|More from this guy|
Wynalda's a piece of work, and I don't necessarily mean that in a bad way. He's clearly smarting from whatever de facto blackballing of which he thinks he's been a victim, and lets fly with some of the usual condemnations of how American soccer thinks and operates. A bit of it is sour grapes. Some of it is not, and some of it is worth paying a little attention to.
If you go through your list of your five favorite players, those players are really good at one or two things. The reason they are your favorite players is that they’re different, they’re special. The reason you watch David Beckham is that he can cross the damn ball. In our country they probably would have said, "That’s pretty good with the right foot, now let’s try the left." That would have happened a long time ago and David Beckham would have been average with both feet. I don’t even want to think about what would have happened to Diego Maradona. That would have been fun.

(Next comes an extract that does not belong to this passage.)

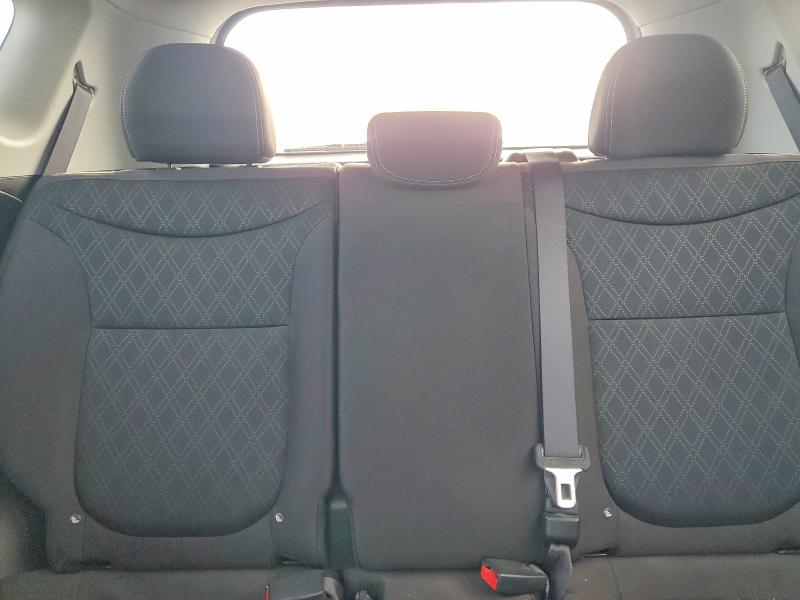 68443516 :رقم المزاد ، KNDJN2A25G7273003 vin ، 2016 Kia Soul مزاد بيع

This statement is particularly intriguing, though I'm not quite sure what Wynalda is trying to say. Is the implication that well-rounded players (or in this case, two-footed players) are less desirable than players with one really good foot? That seems to be the case, though his use of Beckham as an example is flawed (and not just because Beckham is English); not only is Beckham's right foot one in a million, the Englishman's obsession with honing that ability has little to do with the system in which he matured. There certainly aren't scores of Beckhams running around England, better off because no coach cajoled them on occasion into using their left foot.
Wynalda has also pulled the "exception" card out of his deck. He played, was fairly good, and clearly understands how to coach young players in a way that the rest of America does not. The shot at the end about Maradona, implying that growing up here would have ruined him as a player, is a tip off that Wynalda has put himself outside of the American system mentally in addition to the physical move he's making to Murcielagos. It's certainly true that Maradona would not have been the same player had he grown up in the United States, but it's impossible to separate the player from his upbringing and culture; without Argentina, there is no Maradona. Maradona might not have turned out the same had he grown up in Brazil, Italy, Germany, or any number of countries much better at producing players than the United States. There might be plenty wrong with the way America teaches its soccer players to play, but what might have happened to Maradona has nothing to do with those issues.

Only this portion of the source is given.